Medicare is a special case: It rarely covers services outside the U.S. except in certain circumstances—on a cruise ship within six hours of a U.S. port, for instance. You’ve got some coverage built in if you have one of the Medigap plans (C, D, F, G, M, N) that pay 80% of bills for emergency care as long as it’s during the first two months of a trip abroad. (There’s a $250 annual deductible plus a lifetime limit of $50,000 for foreign-travel emergency care.)
Buy extra protection
Worried about high out-of-pocket costs? You can get a supplemental travel medical policy to kick in on care your primary insurer won’t cover. Compare options on sites like InsureMyTrip or eHealth. An Ohio couple in their fifties planning a two-week trip to France, for example, could get a $100,000 medical limit and $500,000 for a medical evacuation, with a $100 deductible, for about $100. Aim for $50,000 to $100,000 in medical expense coverage, suggests Los Angeles travel agent Terry Bahri.

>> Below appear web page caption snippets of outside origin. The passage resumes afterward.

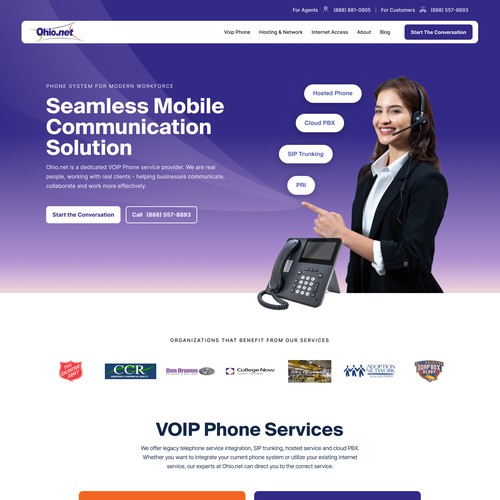 Internet company landing page 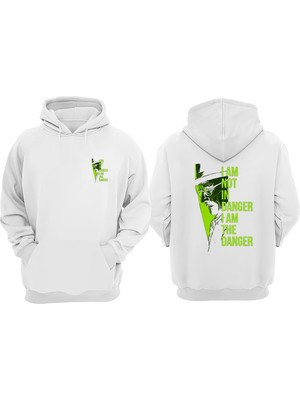 The Wert Unisex Walter White Danger Tasarım Ön Arka Baskılı Normal Kalıp Beyaz Sweatshirt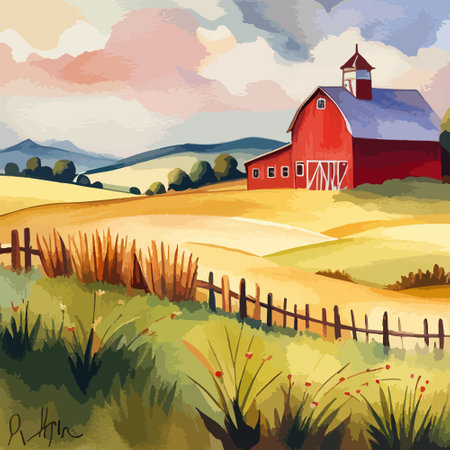 Farm on a hill with yellow or golden wheat field in a watercolor style, agriculture, cultivation, countryside, fieldのイラスト素材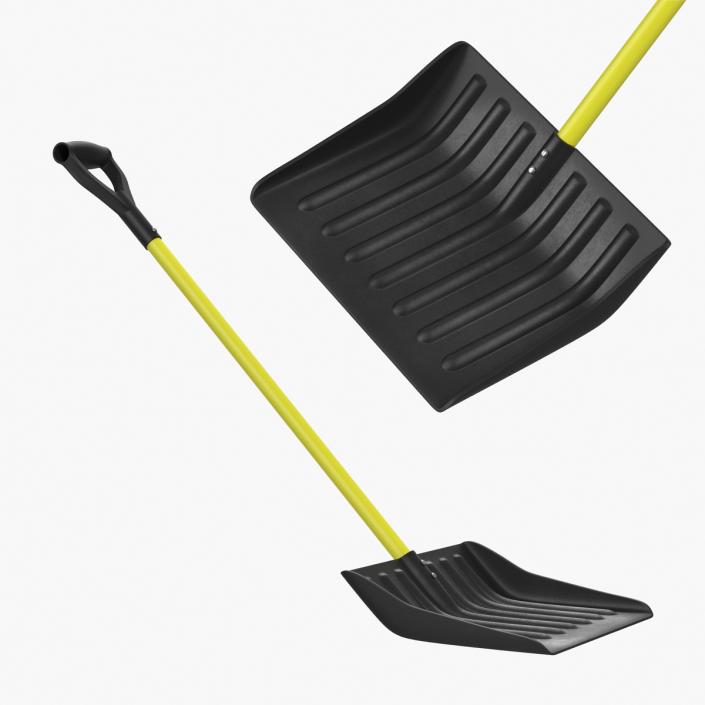 3D Yellow Snow Shovel model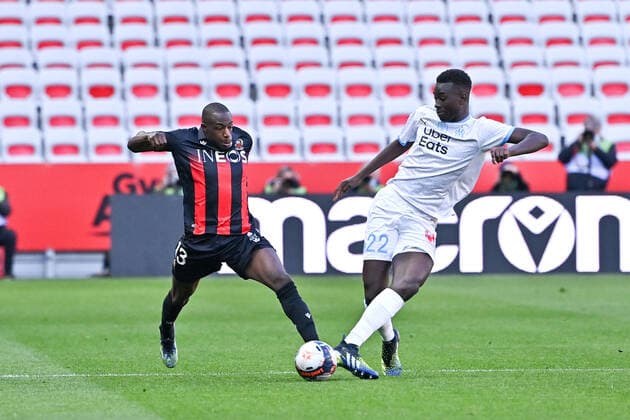 13 HASSANE KAMARA (NICE) - 22 PAPE ALASSANE GUEYE (OM) FOOTBALL : Nice vs Marseille - Ligue 1 Uber Eats - 20 03 2021 FEP Panoramic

Cover preexisting conditions
Travel medical plans usually have exceptions for emergencies related to ongoing conditions. If you have health issues that might require medical care, choose a broad travel policy—covering things like trip cancellations and baggage loss—and tack on a preexisting-condition waiver. (For that Ohio couple, this would cost around $300.)
Line up local pros
If you run into trouble mid-trip, call your carriers right away. Travel insurers can recommend local care options, and even U.S. plans may be able to identify the most appropriate nearby facility. For extra help, join the International Association for Medical Assistance to Travellers, a nonprofit with a global network of English-speaking doctors and health professionals.
Keep your paperwork
When you get home, you’ll need all of your receipts in order to get reimbursed. And get copies of medical records outlining the care you received. “A credit card statement will not be sufficient,” says Brian McGuire of insurer UnitedHealthcare Global.